**Action item**
Set out exactly every line of the entries below, starting at the line that holds "The key element" and stopping after the line that holds "So this is slideshare.net, a".
:::::
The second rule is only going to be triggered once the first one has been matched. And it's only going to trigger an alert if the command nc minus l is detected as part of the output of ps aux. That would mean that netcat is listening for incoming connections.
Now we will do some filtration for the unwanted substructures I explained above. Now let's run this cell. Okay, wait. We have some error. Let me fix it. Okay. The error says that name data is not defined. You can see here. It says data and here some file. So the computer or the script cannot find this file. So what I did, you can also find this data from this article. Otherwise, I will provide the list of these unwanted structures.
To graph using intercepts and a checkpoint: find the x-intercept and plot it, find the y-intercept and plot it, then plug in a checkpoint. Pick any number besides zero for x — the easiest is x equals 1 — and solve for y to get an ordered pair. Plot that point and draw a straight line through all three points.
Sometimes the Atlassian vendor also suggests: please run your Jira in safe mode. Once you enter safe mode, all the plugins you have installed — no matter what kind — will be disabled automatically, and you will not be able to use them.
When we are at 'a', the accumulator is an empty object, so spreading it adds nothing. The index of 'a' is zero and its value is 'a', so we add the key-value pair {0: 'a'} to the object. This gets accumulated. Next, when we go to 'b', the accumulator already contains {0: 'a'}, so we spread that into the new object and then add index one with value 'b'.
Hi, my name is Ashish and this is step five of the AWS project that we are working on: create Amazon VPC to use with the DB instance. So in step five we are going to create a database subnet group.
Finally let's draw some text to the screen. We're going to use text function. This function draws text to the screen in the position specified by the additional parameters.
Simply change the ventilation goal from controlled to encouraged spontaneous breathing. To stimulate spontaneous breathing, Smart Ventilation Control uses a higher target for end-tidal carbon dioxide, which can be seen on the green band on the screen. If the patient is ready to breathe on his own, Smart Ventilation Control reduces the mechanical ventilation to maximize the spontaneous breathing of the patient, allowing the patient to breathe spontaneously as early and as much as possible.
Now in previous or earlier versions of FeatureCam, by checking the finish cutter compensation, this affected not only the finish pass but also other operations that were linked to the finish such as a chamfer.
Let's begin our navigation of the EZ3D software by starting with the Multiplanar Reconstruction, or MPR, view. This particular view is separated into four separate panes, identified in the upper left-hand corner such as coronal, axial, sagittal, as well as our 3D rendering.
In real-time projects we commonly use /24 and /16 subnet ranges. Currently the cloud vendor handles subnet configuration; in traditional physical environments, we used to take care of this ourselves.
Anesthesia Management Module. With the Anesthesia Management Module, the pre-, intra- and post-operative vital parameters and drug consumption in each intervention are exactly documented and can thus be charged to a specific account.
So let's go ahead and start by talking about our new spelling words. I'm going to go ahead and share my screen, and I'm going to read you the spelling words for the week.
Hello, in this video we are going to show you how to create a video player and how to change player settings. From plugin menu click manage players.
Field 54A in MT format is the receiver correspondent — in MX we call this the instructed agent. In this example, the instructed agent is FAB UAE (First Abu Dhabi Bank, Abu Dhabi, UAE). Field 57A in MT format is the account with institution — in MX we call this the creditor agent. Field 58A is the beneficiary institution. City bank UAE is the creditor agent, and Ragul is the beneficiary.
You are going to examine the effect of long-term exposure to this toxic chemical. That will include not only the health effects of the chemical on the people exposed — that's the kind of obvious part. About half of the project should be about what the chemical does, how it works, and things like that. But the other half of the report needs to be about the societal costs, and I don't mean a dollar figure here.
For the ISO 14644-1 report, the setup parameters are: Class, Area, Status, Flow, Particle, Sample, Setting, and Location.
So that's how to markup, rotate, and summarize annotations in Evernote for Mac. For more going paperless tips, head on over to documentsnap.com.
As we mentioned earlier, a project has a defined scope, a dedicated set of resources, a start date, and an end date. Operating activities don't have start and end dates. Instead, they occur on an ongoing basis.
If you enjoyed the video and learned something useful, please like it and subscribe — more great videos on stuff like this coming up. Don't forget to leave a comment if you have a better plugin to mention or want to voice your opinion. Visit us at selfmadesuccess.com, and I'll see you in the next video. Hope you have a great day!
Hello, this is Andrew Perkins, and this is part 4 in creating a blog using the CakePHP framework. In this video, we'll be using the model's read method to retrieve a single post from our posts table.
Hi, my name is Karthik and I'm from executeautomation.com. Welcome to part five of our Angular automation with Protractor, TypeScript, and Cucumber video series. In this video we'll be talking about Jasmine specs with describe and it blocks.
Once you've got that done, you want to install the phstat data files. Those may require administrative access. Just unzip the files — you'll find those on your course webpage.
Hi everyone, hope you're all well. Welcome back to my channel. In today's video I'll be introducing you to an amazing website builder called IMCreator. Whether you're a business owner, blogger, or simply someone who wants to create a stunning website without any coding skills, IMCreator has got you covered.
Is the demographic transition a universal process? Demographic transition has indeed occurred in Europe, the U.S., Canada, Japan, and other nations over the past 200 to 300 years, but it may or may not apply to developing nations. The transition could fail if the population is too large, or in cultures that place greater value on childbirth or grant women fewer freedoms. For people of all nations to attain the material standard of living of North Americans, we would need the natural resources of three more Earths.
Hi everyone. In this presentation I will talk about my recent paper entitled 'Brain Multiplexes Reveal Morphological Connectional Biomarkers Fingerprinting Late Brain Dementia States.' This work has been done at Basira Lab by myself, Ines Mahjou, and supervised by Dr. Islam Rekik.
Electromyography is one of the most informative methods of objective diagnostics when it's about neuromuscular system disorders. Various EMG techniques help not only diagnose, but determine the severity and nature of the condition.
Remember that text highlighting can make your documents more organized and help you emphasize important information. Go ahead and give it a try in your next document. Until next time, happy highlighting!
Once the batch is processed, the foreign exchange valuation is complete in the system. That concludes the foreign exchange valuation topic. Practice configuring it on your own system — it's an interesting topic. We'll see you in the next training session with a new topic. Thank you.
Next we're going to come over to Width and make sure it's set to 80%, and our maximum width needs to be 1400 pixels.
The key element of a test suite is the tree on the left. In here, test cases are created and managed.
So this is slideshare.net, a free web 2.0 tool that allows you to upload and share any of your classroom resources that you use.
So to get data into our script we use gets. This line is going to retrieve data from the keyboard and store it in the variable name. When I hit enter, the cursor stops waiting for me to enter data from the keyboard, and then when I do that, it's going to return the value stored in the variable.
:::::
**Task response**
The key element of a test suite is the tree on the left. In here, test cases are created and managed.
So this is slideshare.net, a free web 2.0 tool that allows you to upload and share any of your classroom resources that you use.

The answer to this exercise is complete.